In mid-November, NTT Research issued a press release announcing that the PHI Lab, which I direct, had reached five-year joint research agreements with eight other research organizations: six universities, one U.S. government agency and one quantum computing software company. In this brief article, I would like to describe some of the background behind this initiative and share some more insight on what we are hoping to achieve.
The focus of the PHI Lab is to discover a new computational interface between quantum physics, neuroscience and optical technology. This conceptual model, called a Coherent ising machines (CIM), is not exclusively our own. Nor could it be, because NTT does not cover the vast area of science that CIM entails. For the past several decades, we have been working primarily in one of these areas, the optical domain. One of NTT’s early contributions relevant to this initiative was our proposal, about 40 years ago, of coherent optical communications. Our more recent contributions include our work in Optical Parametric Oscillators (OPOs) as a phase sensitive amplifier and Coherent Ising Machines (CIMs).

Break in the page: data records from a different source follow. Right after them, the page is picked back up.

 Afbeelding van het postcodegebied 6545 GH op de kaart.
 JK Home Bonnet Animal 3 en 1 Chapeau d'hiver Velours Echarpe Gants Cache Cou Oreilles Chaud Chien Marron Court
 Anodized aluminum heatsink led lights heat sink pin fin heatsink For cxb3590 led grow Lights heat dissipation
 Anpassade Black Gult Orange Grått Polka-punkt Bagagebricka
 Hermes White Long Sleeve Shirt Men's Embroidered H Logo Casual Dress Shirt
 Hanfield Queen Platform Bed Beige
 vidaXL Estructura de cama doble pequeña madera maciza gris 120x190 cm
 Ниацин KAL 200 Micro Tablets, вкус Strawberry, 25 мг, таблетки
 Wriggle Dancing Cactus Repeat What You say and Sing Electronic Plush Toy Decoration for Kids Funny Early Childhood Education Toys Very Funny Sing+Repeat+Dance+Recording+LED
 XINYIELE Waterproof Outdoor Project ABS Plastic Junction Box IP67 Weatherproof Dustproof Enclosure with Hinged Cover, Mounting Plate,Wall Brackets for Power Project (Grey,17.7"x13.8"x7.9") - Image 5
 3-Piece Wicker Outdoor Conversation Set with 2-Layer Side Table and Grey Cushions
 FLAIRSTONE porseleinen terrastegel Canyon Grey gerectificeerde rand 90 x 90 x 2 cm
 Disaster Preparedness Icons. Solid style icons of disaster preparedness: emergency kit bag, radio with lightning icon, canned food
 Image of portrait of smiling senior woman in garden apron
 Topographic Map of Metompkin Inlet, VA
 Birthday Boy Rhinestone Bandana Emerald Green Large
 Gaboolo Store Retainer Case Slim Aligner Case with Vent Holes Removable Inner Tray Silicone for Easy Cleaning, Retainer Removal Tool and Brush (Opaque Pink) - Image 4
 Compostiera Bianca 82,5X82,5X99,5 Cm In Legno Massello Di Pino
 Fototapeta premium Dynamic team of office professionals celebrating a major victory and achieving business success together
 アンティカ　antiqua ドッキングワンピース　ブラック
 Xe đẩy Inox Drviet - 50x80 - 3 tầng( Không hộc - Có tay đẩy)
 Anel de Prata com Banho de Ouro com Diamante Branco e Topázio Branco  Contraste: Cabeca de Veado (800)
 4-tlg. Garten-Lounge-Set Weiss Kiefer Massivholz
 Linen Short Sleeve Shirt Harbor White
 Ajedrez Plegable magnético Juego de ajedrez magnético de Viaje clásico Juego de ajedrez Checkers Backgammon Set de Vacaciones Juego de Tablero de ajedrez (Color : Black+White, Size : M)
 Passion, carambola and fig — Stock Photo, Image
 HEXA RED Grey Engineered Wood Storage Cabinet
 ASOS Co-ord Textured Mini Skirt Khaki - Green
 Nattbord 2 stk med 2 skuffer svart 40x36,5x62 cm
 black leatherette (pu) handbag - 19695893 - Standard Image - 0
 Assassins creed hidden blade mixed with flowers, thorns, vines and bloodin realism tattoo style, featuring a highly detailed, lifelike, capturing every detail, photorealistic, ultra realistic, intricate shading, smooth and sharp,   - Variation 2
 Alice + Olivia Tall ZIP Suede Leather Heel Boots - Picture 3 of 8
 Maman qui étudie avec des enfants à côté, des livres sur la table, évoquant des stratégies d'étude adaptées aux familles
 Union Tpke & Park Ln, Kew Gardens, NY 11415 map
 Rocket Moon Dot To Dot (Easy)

To this joint effort, we bring our individual strengths, as do our eight collaborators. Their primary goals in this research initiative include the following;
• California Institute of Technology (Caltech): to develop scalable architecture for efficient quantum simulation of many-body spin systems using OPO networks
• Cornell University: to develop a k-SAT solver based on error detection and error correction feedback
• University of Michigan: to perform theoretical studies of topological states with anyon statistics in nonlinear optics and synthetic topological matter
• Massachusetts Institute of Technology (MIT): to develop the photonic accelerators for deep learning and the superconducting CIMs for fundamental study
• NASA Ames Research Center: to perform benchmark studies of CIMs vs. modern heuristics on various optimization problems
• Stanford University: to develop novel optical and superconducting devices for studying the quantum-to-classical crossover physics and critical phenomena in the neural network
• Swinburne University: to develop and implement the quantum phase space methods for CIMs
• 1QBit: to perform research in design and analysis of a stack of algorithms that bridge commercially viable applications to the forms of computation natively done by CIMs, with a multitude of applications in operations research and artificial intelligence
As you can see, this is not a single-purpose mission. We are covering a broad expanse, ranging from quantum physics to algorithm development, and even drawing inspiration from how the brain works. Our work with OPOs, which can act as both quantum and classical processors, places us outside the mainstream of quantum computing work today. But as our list of collaborators indicates, we are not alone. And as certain weaknesses in conventional quantum computing become more widely recognized, we expect interest in the CIM approach will grow.
In any case, and however much attention this effort may generate, our goals are more fundamental. We aim actually to conduct the kind of basic, cutting-edge research, which over a number of years, will uncover the very nature of computation.